» Your task:
An exact copy of the listing is required, with its pictures removed.

═══ Information provided ═══

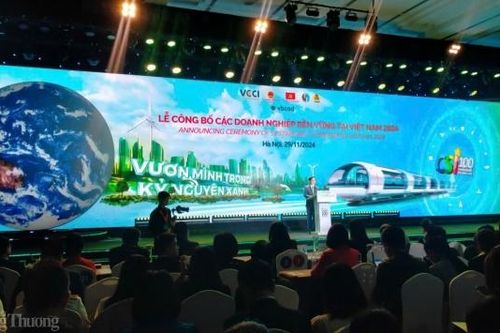 100 doanh nghiệp bền vững được biểu dương tại CSI 2024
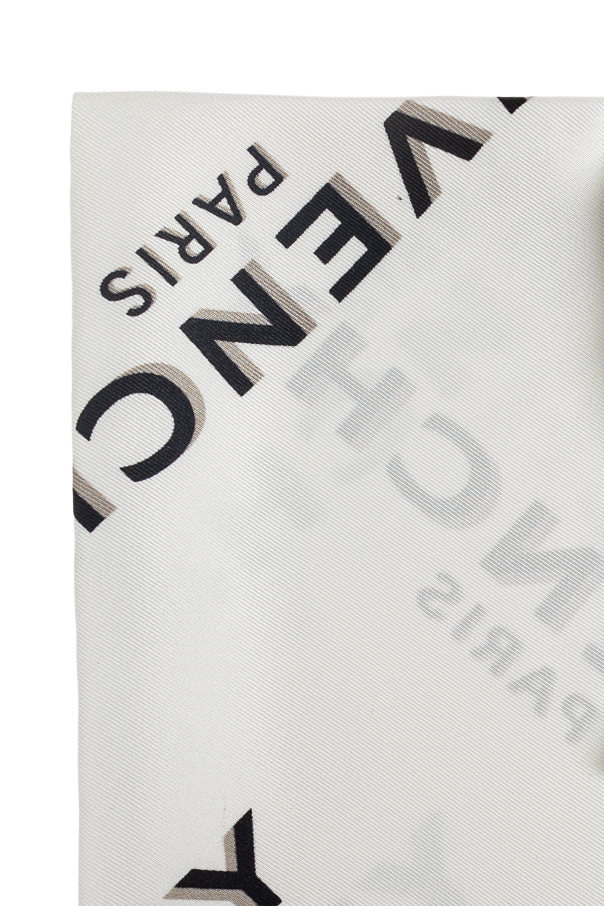 Givenchy Silk scarf with monogram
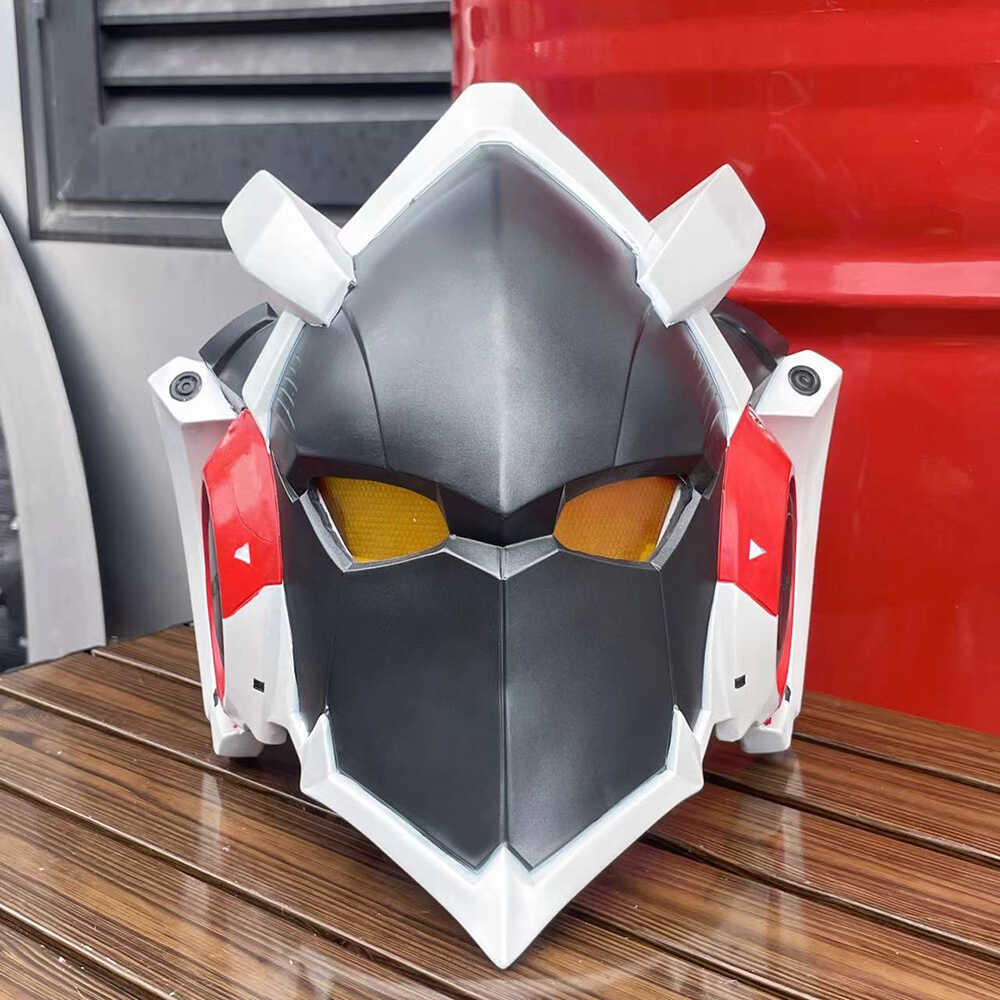 Fantasias cosplay LED para adu - Kids Face Mask avaliação e preço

═══

» Completed exercise:
 100 doanh nghiệp bền vững được biểu dương tại CSI 2024
 Givenchy Silk scarf with monogram
 Fantasias cosplay LED para adu - Kids Face Mask avaliação e preço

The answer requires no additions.